While economic conditions in the US will likely slow this year because of the virus, the underlying fundamentals here at home are still strong based on what we know today. At some point that will put a floor under stock prices and some sort of bottom will be put in. Whether that is today or a few days from now is unknown but there will be a point where equities are oversold enough and have created potential value that buyers will step in, if only for a trade. It is possible we are closer to that point even now. As such I am more inclined to start looking for value down here then trying to sell at these price levels based on my analysis of things. Value is now being created but you may have to be patient before you see it pan out and the probability of more volatility is now higher than it was a few months ago.

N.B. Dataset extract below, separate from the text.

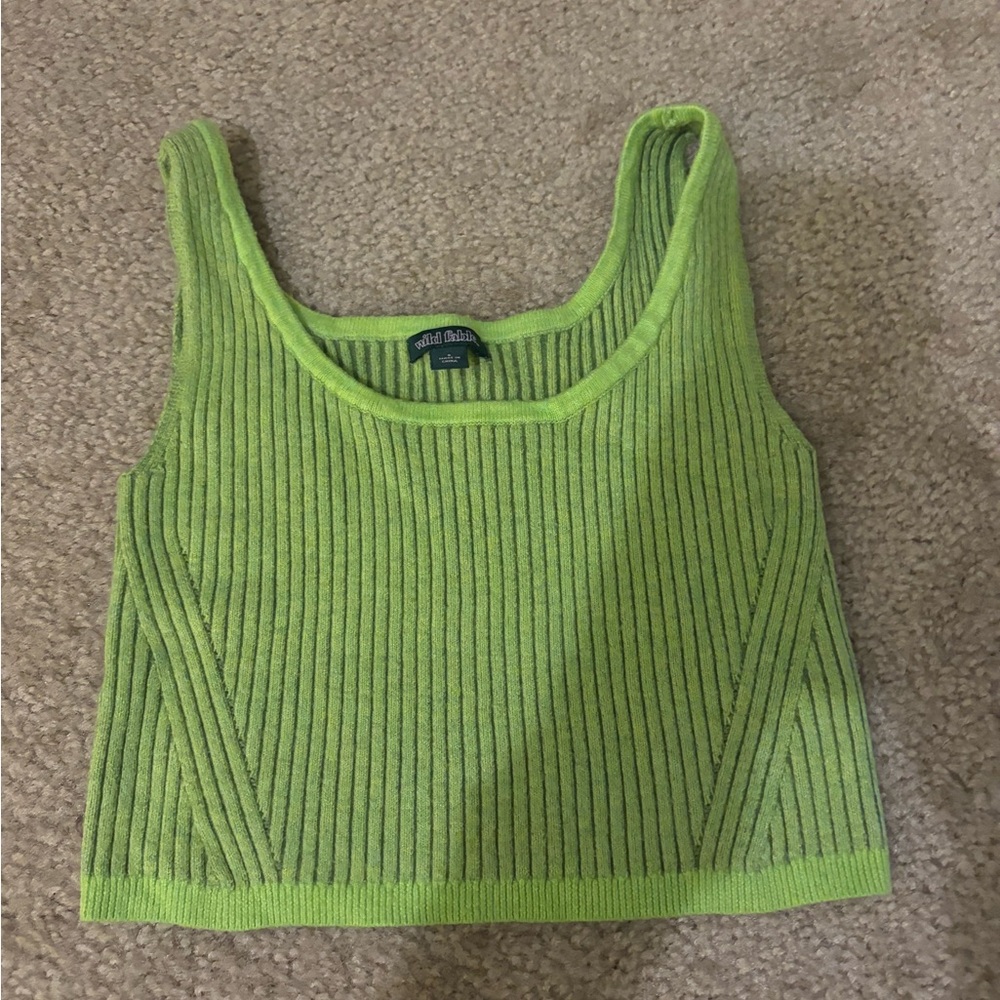 Wild Fable Small Green Crop Tank Top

From a money flow perspective we are now very oversold and we are closer to a major band of price support so that may help as well. While I think it is possible we are nearing price levels where value can be found in the markets, I do think there is a much higher probability that stock prices have seen their highs for the year until sometime after the elections or at least until the point where markets sniff out who they think will win. New highs in prices could be pushed out now into 2021 depending on the damage to the economy. A period of price consolidation after such a large move would be very much in keeping for how this bull market has behaved since 2009 and would likely set the stage for the next market advance. I'll try to flesh out what this possible trading range might look like in a future post.

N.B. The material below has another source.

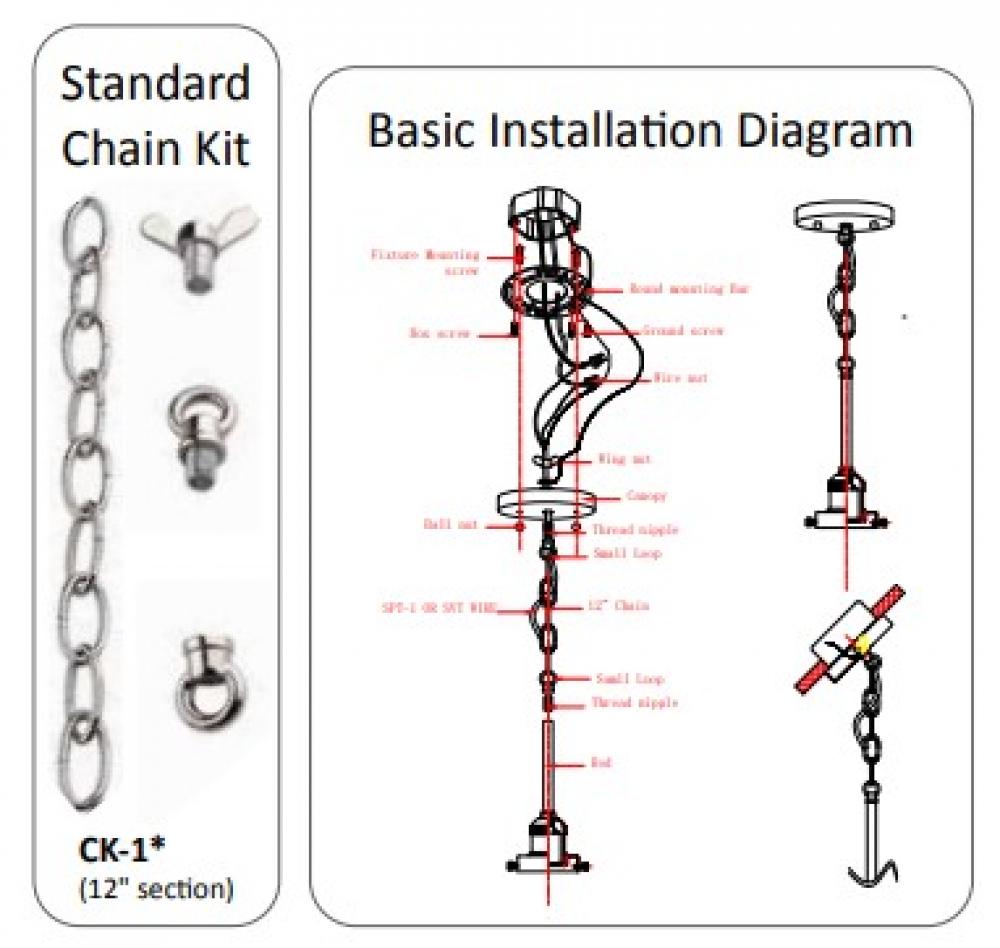 Chain Conversion Kit - 12 inch - Polished Chrome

Obviously we're in a period of extreme uncertainty and in times like these some investors and many traders indiscriminately sell. Like "Mad Money's" and CNBC's Jim Cramer, I subscribe to the believe that panic is not a strategy. The time for indiscriminate selling was probably a few weeks ago. Investors that want to realign their asset allocations will likely be better served to review their portfolios after the market's rally, which it some point they inevitably will do. Again I will refer you to something I said in my last investment letter:
"Over the long-run stocks have produced above average returns for many decades but the ticket you punch when you buy into the markets is volatility. On average stocks have a volatility reading of about 14%. That means at least once a year stocks will likely decline on average 5-20%. That’s something to think about after such a huge advance last year. If you have a million-dollar portfolio and it’s all in equities or their related instruments then you should prepare for potentially anywhere from a $50,000 to a $200,000 decline in your investments at some time during the next downdraft. If that gives you a pause at this point then we need to talk. Just know when we’re down that 5-20% all of the investment media will tell you the world’s going to end from an investment perspective. We came close to that in 2008 and it’s possible that one day in the future the investment world will end. But it only gets to do that once and there’s still a higher probability that the next correction we see will be more of the same and likely a better period to buy equities."
I'll have some further long term thoughts on this hopefully next week.
*Long ETF’s related to the S&P 500 in both client and personal accounts.